Человек нашел себе игрушку, и она согревала его душу, как греет душу мальчишки выигранный в расшибалочку пятак. В долгие безрадостные вечера и ночи, лежа на голых неструганых нарах, человек ощупывал минерал руками и вспоминал... Он вспоминал те сотни и тысячи образцов, которые когда-то ощупывали его пальцы. Тупая тоска и безысходное отчаяние отступали под натиском воспоминаний, разгорался тусклый огонек надежды и веры... Минерал расслоился на несколько пластинок, и однажды человек заметил странное явление. Минерал начинал светиться, если его приближали к глазам! Накрыв глаза пластинками, человек лежал в темноте, где ворочались, кашляли, хрипели и умирали люди, а перед его глазами сверкал ослепительный солнечный свет. Просто свет в его чистом виде, свет и больше ничего, но и это было чудо!

Еще одно удивительное свойство черного минерала обнаружил человек. Он светился только в темноте или в тени, на ярком солнце свечение меркло, и человек видел окружавший его печальный мир, как в темном стекле.

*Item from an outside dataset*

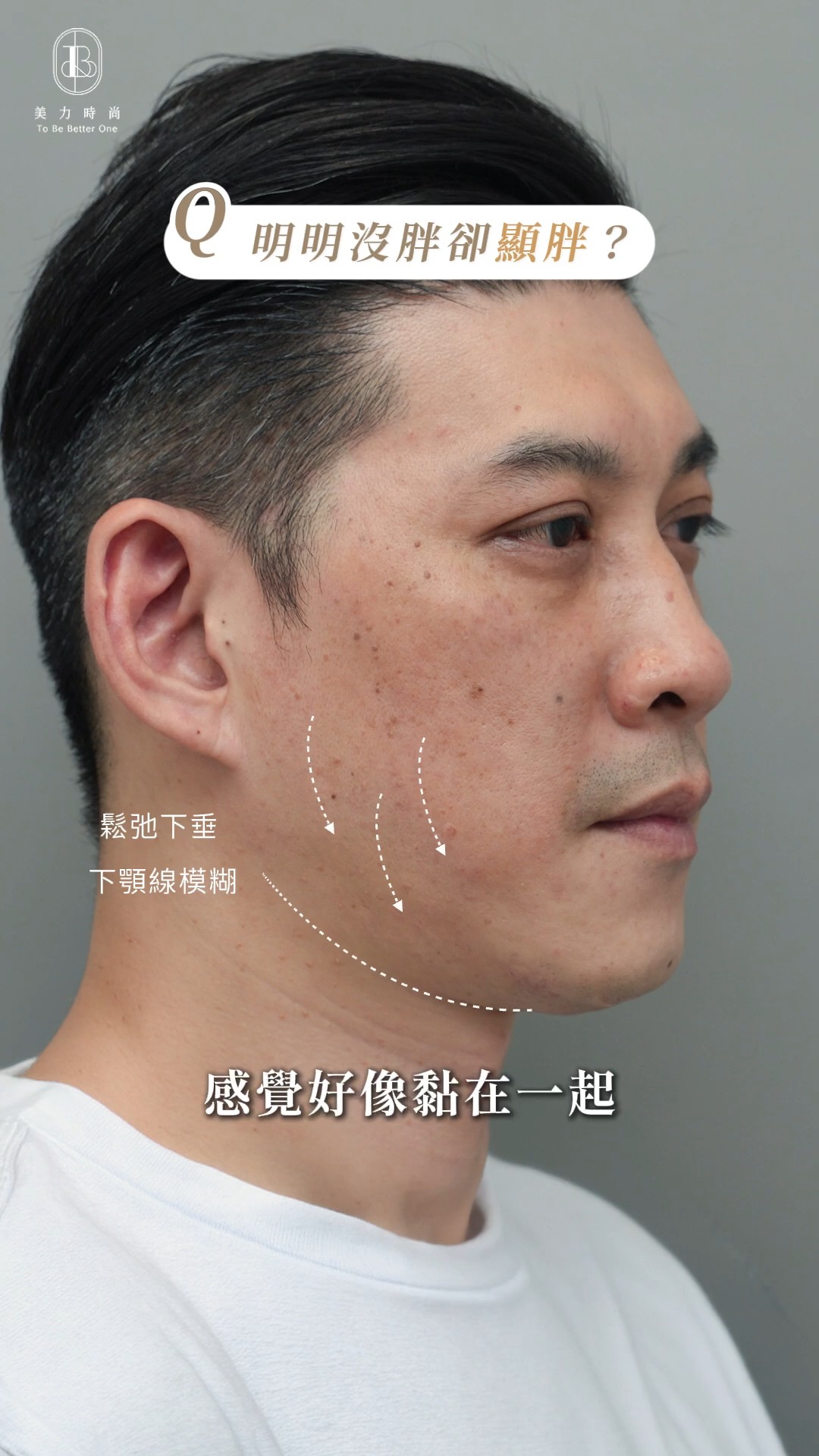 Johnny臉部困擾_臉部鬆弛下垂、下顎線模糊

Человек не разгадал тайны черных пластинок. Он решил их использовать. От яркого летнего солнца, от страшной известковой пыли каменоломен у заключенных гноились глаза, они слепли и попадали в газовую камеру. Человек сделал себе очки и надел их. К нему подошел капо и остановился напротив него, закрыв собой солнце. У этого убийцы была увесистая дубинка, которой он заколотил насмерть не одного заключенного. Человек стоял и ждал удара. Возможно, последнего удара. И тогда к нему в сердце хлынула лютая ненависть. Ненависть к палачам, истязателям детей и старцев. Ненависть ко всему, что обозначалось словом фашист. Ненависть ко всем тем, о ком знал, читал и чьи портреты видел в газетах и журналах. Человека душила ненависть. Она была стопроцентная, чистая, освобожденная от нерешительности или колебаний.

Но человек стоял неподвижно и ждал удара. Он не мог даже пошевелиться и уж, конечно, не мог нанести смертельного удара своему истязателю. Ярость бушевала только в его голове и сердце.

Сквозь черные пластины, как через толщу океанской воды, он видел темную фигуру капо. Рука с палкой взлетела вверх... сейчас! смерть! Но неожиданно удар получился слабый, нерешительный. Очки слетели с носа, упали на камень, от них откололся кусочек, это и теперь заметно... а человек остался стоять. Зато капо схватился за грудь, задохнулся и выронил палку. Несколько секунд этот зверь, эта горилла, тряс головой, словно избавляясь от навязчивого кошмара, потом повернулся и, пошатываясь, поплелся прочь.